Utilizzi fino in fondo il ruolo che ricopre, faccia chiarezza sulle strutture sportive, renda pubblici criteri, procedure, assegnazioni e situazioni contrattuali. Faccia della trasparenza la cifra del suo assessorato. Se lo farà, la città gliene sarà grata. Sarebbe un atto amministrativo significativo aver contribuito a consegnare ad Avellino un Campo CONI e un Palazzetto moderni, funzionali e all’altezza delle esigenze dello sport avellinese.
Se nel progetto del Campo CONI manca qualcosa, abbia il coraggio di dirlo adesso e di chiedere subito una variante. Meglio correggere un progetto prima di completare i lavori che inaugurare domani una struttura della quale, il giorno dopo, inizieremo già a constatarne i limiti.
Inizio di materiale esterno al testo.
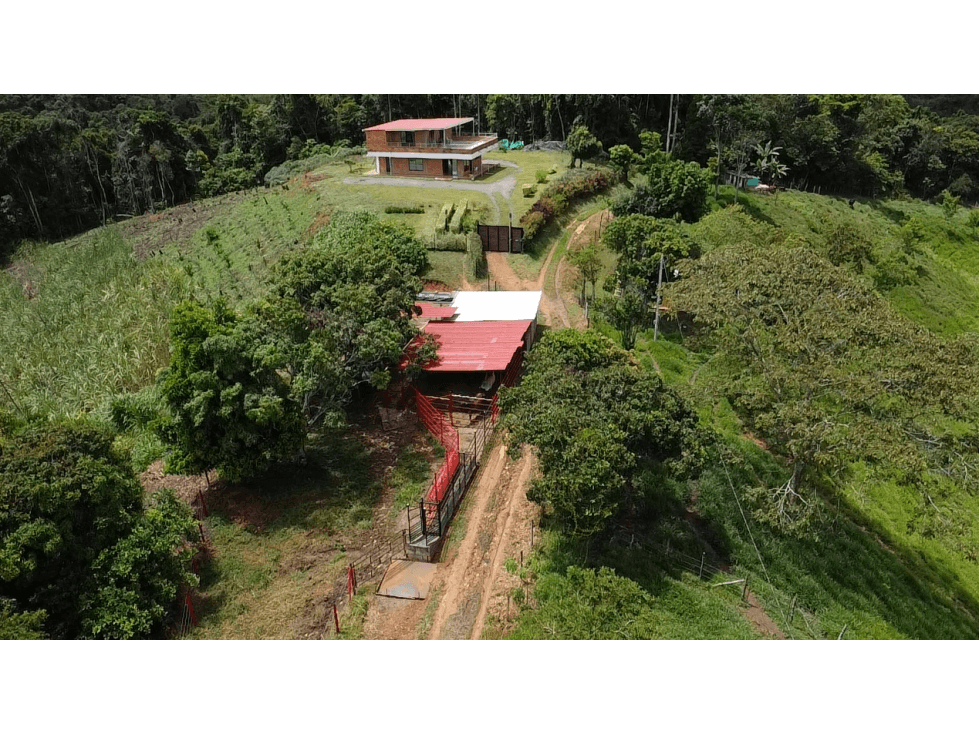 SE VENDE FINCA EN YOLOMBO - 1
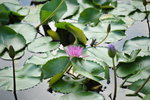 HLM_5033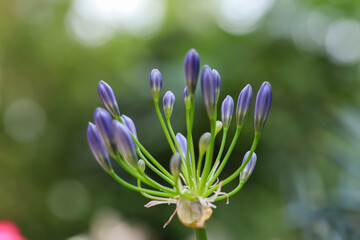 Agapanthus Africanus Albus, purple lily flowers, close up. African lily or Lily of the Nile is popular, flowering garden plant of the Amaryllidaceae family.

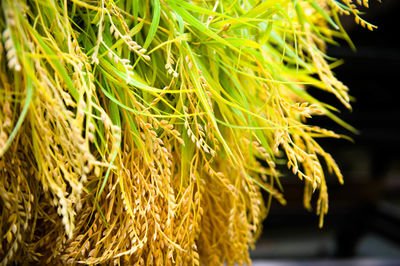 Close-up of plant against blurred background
Non ripetiamo gli errori del passato con spreco di denaro pubblico e opere inadeguate. Pensiamo agli alloggi di via De Napoli, Ferrovia e via Visconti. Oggi tutti giustamente contestano i problemi, ma facciamoci anche qualche domanda: chi ha progettato quelle case? Chi ha diretto e seguito i lavori? Chi aveva il compito di controllare? Io i nomi li conosco. Alcuni sono ancora all’interno del Comune di Avellino, altri nel frattempo hanno fatto carriera. Indignarsi dopo non serve.
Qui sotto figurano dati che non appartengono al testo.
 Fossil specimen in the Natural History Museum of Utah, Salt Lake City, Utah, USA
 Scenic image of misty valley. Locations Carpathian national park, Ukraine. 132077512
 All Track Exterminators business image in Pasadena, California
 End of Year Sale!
Va poi sciolto il nodo del centro polisportivo Flipper di Rione Parco. E’ stato concesso in comodato d’uso gratuito alle Fiamme Oro della Polizia di Stato, che si occupano della gestione, ma nel contratto sarebbe previsto che le utenze siano a carico dell’utilizzatore e che vengano effettuate le relative volture. Si è proceduto in tal senso? Altrimenti bisogna intervenire.
L’utilizzo a tariffe sociali da parte dei ragazzi del quartiere, consentito dall’abbattimento dei costi, è sicuramente auspicabile, ma la legge e i contratti devono essere rispettati da tutti, anche quando dall’altra parte c’è il Ministero dell’Interno. E’ dovere dell’assessore verificare che ciò avvenga.

 

Stesso discorso per le palestre comunali: non può essere considerato normale che chi utilizza una struttura pubblica paghi quando vuole o che per ripiego si arrivi a formule forfettarie.
Il costo orario è già molto basso, mentre ci sono associazioni sportive dilettantistiche della nostra città che pagano fitti importanti, utenze e altro”.


“Il patrimonio comunale –
conclude Genovese –  non appartiene alla maggioranza, né alle associazioni amiche di qualcuno: appartiene agli avellinesi.
Esigiamo quindi regole valide per tutti, criteri di assegnazione e gestione pubblici, pagamenti regolari e pari trattamento per tutte le realtà”.